Nayt Taylor, his family and supporters attended the Rainier School District’s (RSD) business meeting Monday, June 16, followed by camera crews from Portland television stations.
Taylor, who graduated from RJSHS on June 7, has rallied support through social media posts claiming he was suspended for supporting a student who was being bullied.
School records, released by Taylor’s parents, show a history of disruptive behavior, arguing with school staff and swearing.
Principal Graden Blue’s notes from the incident on May 27, during which Taylor was suspended, indicate that Taylor was swearing at and deriding staff when Blue arrived.
Taylor accused Blue and staff of not addressing the bullying of his friend. Blue responded that the counseling staff was addressing the issue.
Following an executive session Monday night, in which the incident was reviewed, RSD board chair Sean Clark read a statement from the board regarding the staff’s response. The statement reads:
“The Rainier School District Board has reviewed discipline records and events surrounding May 30, and they have found the staff of the schools acted appropriately. Student mental health needs were attended to and bullying was dealt with according to policy and best practice. Despite this, district staff was themselves slandered and libeled in person and on social media by students and community members who did not have the whole story and perpetuated untruth.
“The board understands the importance of addressing bullying and suicide prevention, and there are policies and procedures already in place that address these important issues.

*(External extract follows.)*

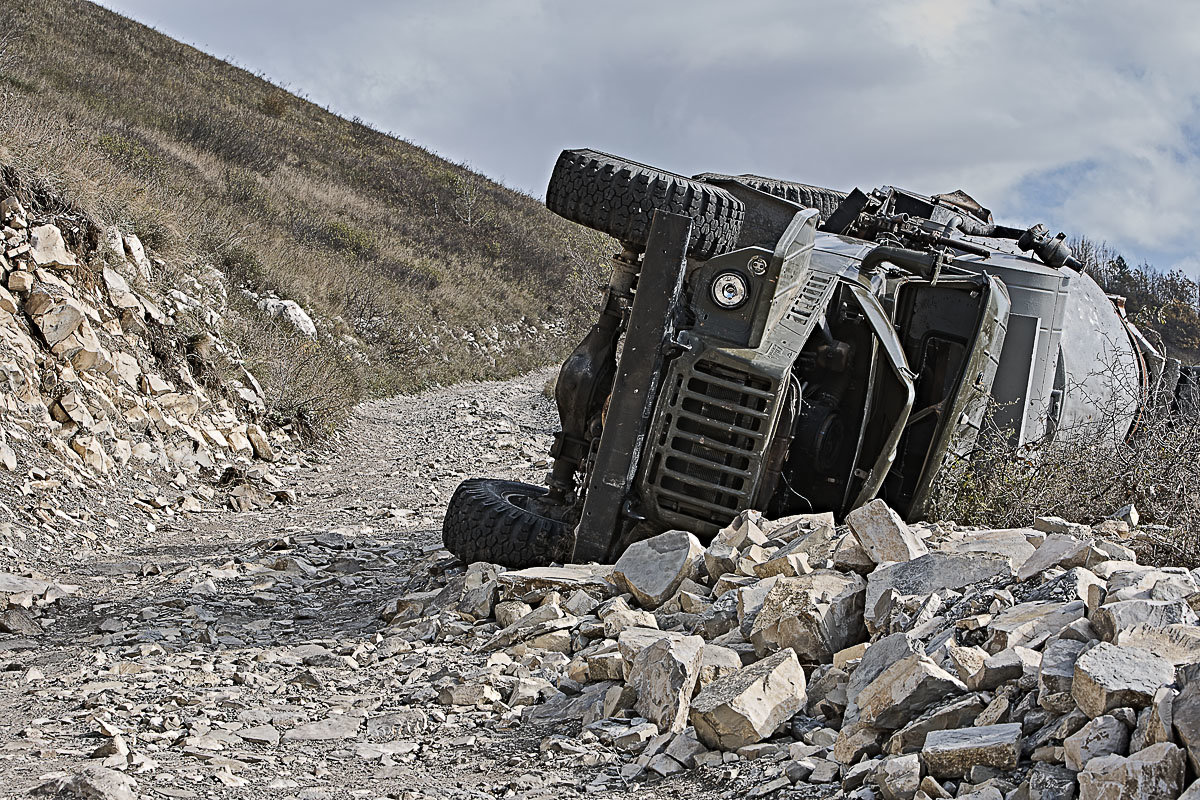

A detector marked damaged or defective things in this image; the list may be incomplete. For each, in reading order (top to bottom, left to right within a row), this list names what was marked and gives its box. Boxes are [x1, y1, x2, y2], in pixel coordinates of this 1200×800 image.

overturned military vehicle [442, 147, 1184, 564]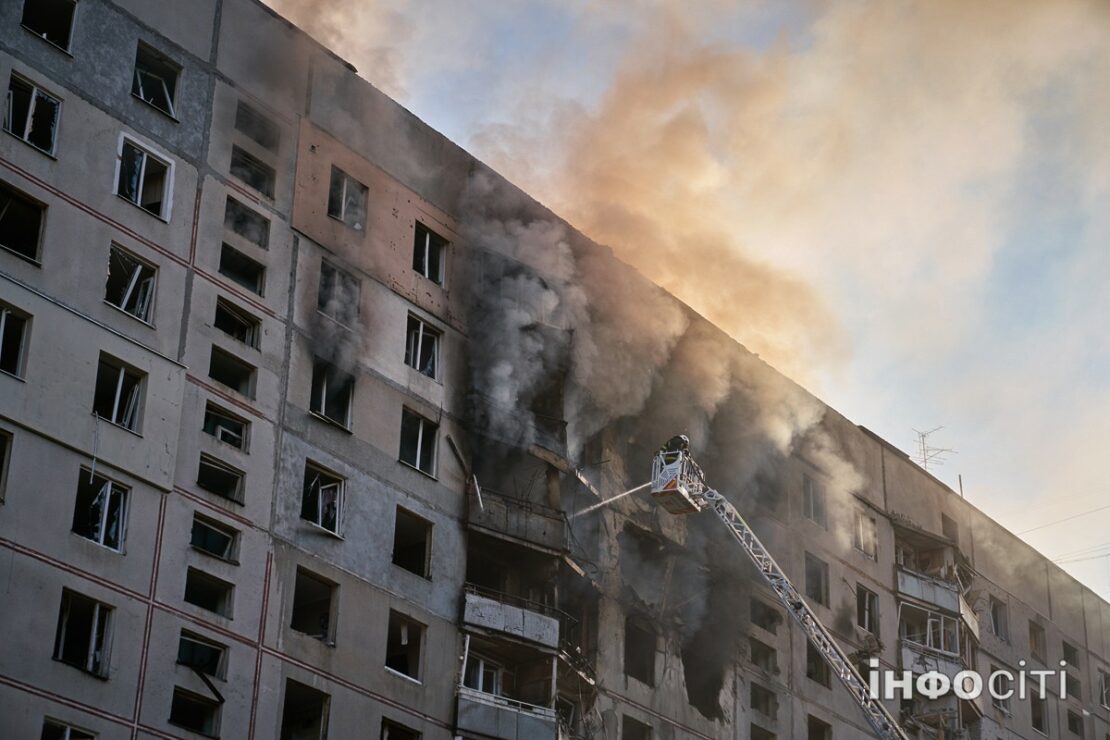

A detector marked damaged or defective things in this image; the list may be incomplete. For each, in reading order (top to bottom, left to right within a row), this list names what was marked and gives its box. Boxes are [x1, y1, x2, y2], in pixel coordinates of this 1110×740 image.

If a student or individual needs support concerning suicide prevention, the district has and will continue in all cases to offer proper assistance to that individual, but the details of the district’s actions/intervention are always kept confidential.
“When an individual feels that the system hasn’t worked and that the district’s policies or procedures have not been followed, they have the ability to file a formal complaint, as per policy, in order to seek action. Throughout all the events that have happened over the past few weeks, there have been no formal complaints filed with the district.
“The school board stands behind the actions of its staff.
Federal and state privacy laws prevent RSD staff from addressing questions regarding counseling given to the bullied student Taylor was supporting or any disciplinary actions towards students who were bullying him.
Student protests following Taylor’s suspension disrupted RJSHS classes on Friday, May 30. Columbia County Sheriff’s Office dispatch logs show five calls regarding the disturbance, threats and suicide threats that Friday.
Monday, Taylor read a portion of his original social media post accusing staff of not responding to bullying.
His father Chad Taylor requested complaint forms. A handful of other Taylor supports also made statements.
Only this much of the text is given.